Brief
Below are the entries. Print only the lines starting at the one with "Photo of Glass" and ending at the one with "Mulher loira com", exactly, with no pictures.

[Recorded data — start]

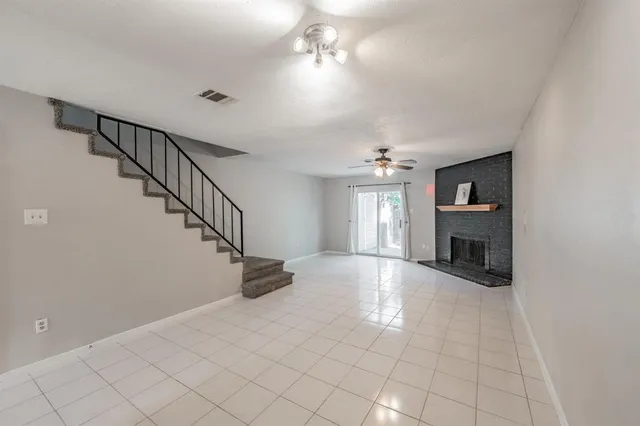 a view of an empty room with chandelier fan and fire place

[Recorded data — finish]
[Recorded data — start]

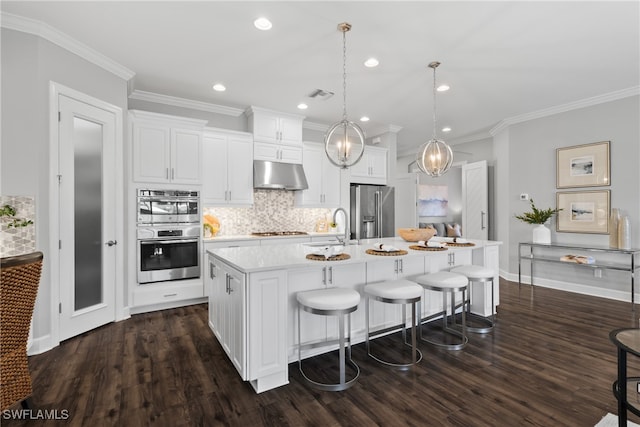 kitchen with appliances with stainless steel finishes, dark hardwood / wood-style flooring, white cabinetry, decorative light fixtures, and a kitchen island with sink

[Recorded data — finish]
[Recorded data — start]

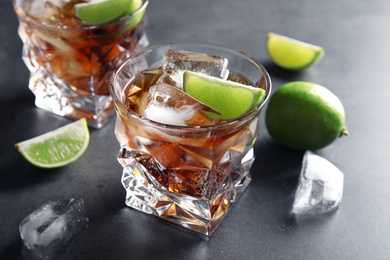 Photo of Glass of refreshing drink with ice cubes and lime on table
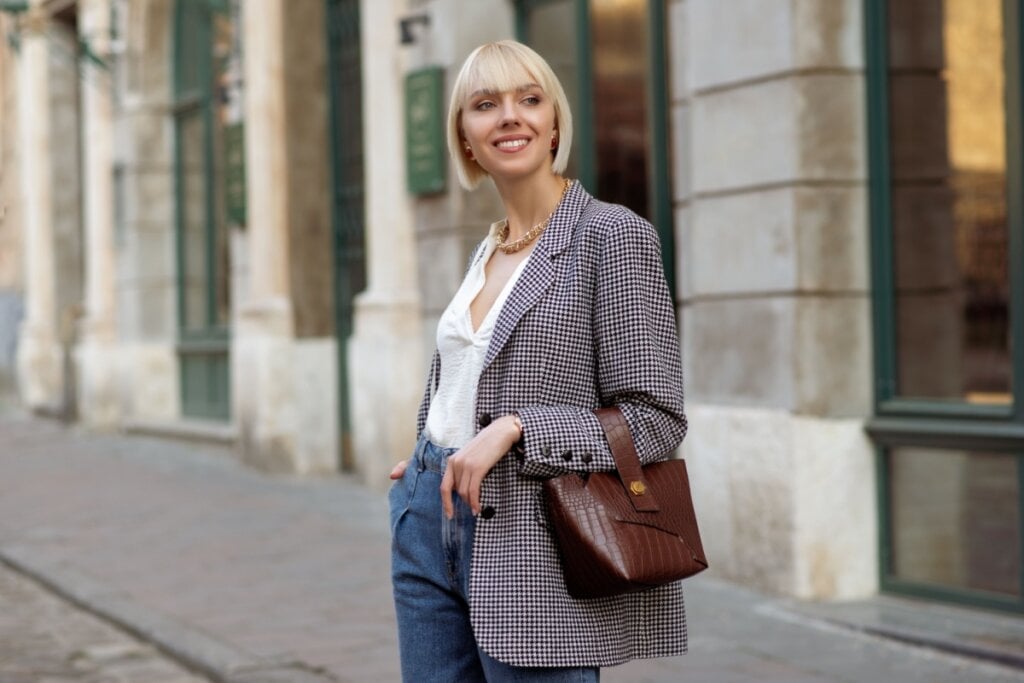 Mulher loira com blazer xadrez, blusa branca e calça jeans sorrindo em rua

[Recorded data — finish]

Exercise result
 Photo of Glass of refreshing drink with ice cubes and lime on table
 Mulher loira com blazer xadrez, blusa branca e calça jeans sorrindo em rua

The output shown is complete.